Great photography requires being in the right spot at the right moment with the right equipment. Today many prosumers (yes, I’ll admit to being one of those) have top quality photographic equipment, equipment just as good as the top photographers have. It’s really being at the right spot at the right moment that is nearly impossible to match.
Being friends with serious birders, I regularly visit top birding spots, and not just hot local birding spots. It’s relatively easy to find great shots to shoot, though it often requires more dedication, and time, than I have to actually get to them. The biggest difference between me and professional photographers is simply the amount of time spent getting shots.

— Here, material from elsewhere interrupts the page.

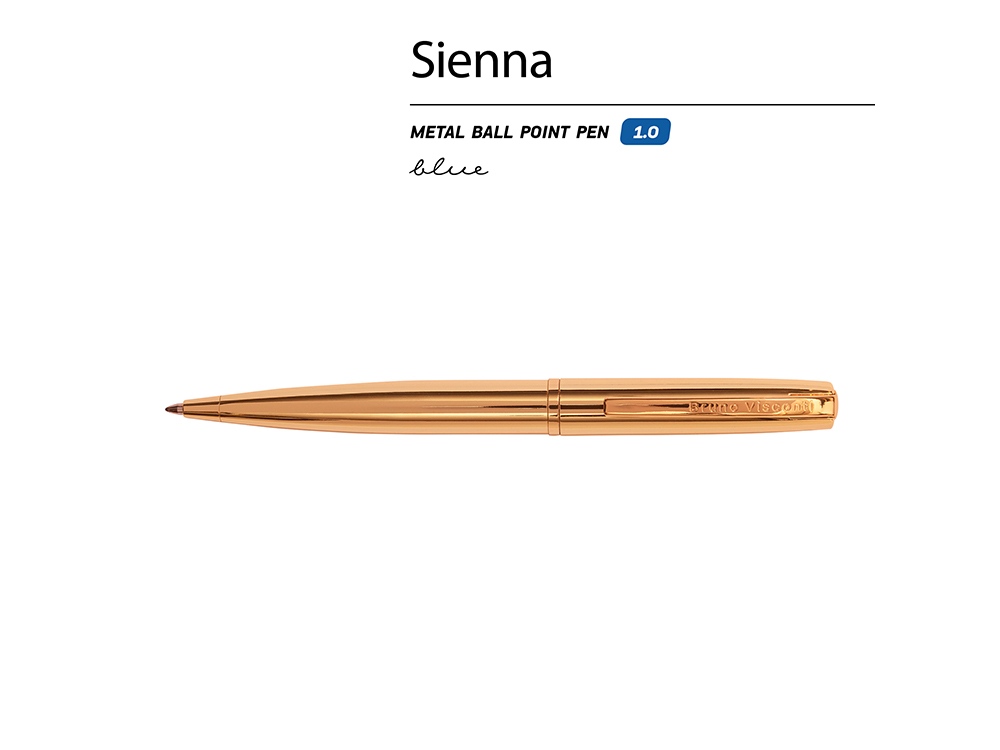 Ручка металлическая шариковая "Sienna", золотистый-1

Here’s a shot that had a lot of potential that I took on an early December walk through Theler.
After John reported sighting a Harlan Hawk, an uncommon variation of the Red-Tailed Hawk, I spent several trips trying to get shots of it. On my four visits I got several shots, but this was definitely the best pose I managed. If there had been more light, I could have used faster shutter speed and avoided the blur in the shot, not to mention getting better detail in the shadows. As it is, I’ll end up deleting the shot after posting it today.
Two hours later there was better light, and I got this shot of the same hawk poised at the top of a pine tree.
It was taken at a considerable distance and had to be cropped considerably, but the details are still much better than in the above shot. If the bird had been willing to do anything but sit there peering at me, I might have gotten a better shot, but after twenty minutes of watching it, it flew away across the field. I’m sure a professional would have sat down and waited an hour or two for it to return, but it was nearly 10:30, I hadn’t eaten yet that day, and there was a wonderful Chile Rellenos waiting for me at La Palapas in Port Orchard.
People think I spent a lot of time and effort getting good photos, and I probably do compared to most people. After nearly ten years of taking pictures of birds I’ve learned enough and improved my equipment enough to take some very striking bird shots nearly any time the sun is out. Shots like this
are easily available on sunny days simply by visiting areas I enjoy walking.
On the other hand, it takes more patience, and a certain amount of luck to get a picture like this one.
Of course, if I could convince the heron and the sun to stand still while I waited, I could always count on a shot like this if I simply waited long enough. Herons need to eat so they stalk where they can find food. On this day, however, I couldn’t count on the sun not ducking behind a cloud at any time, and it’s nearly impossible to predict when a heron will fly off to a new fishing area. No, there’s a certain amount of luck involved in getting great bird shots, which is not to say that spending more time photographing birds won’t increase your “luck,” it will.
I suppose I could resolve to take more “professional” photographs this year, but I’m more apt to resolve to spend more time meditating this year than I am to spend more time photographing. I don’t have the drive to become a professional photographer; I don’t have the drive to become much of anything, for that matter. I’m pretty content just being a “professional” retiree.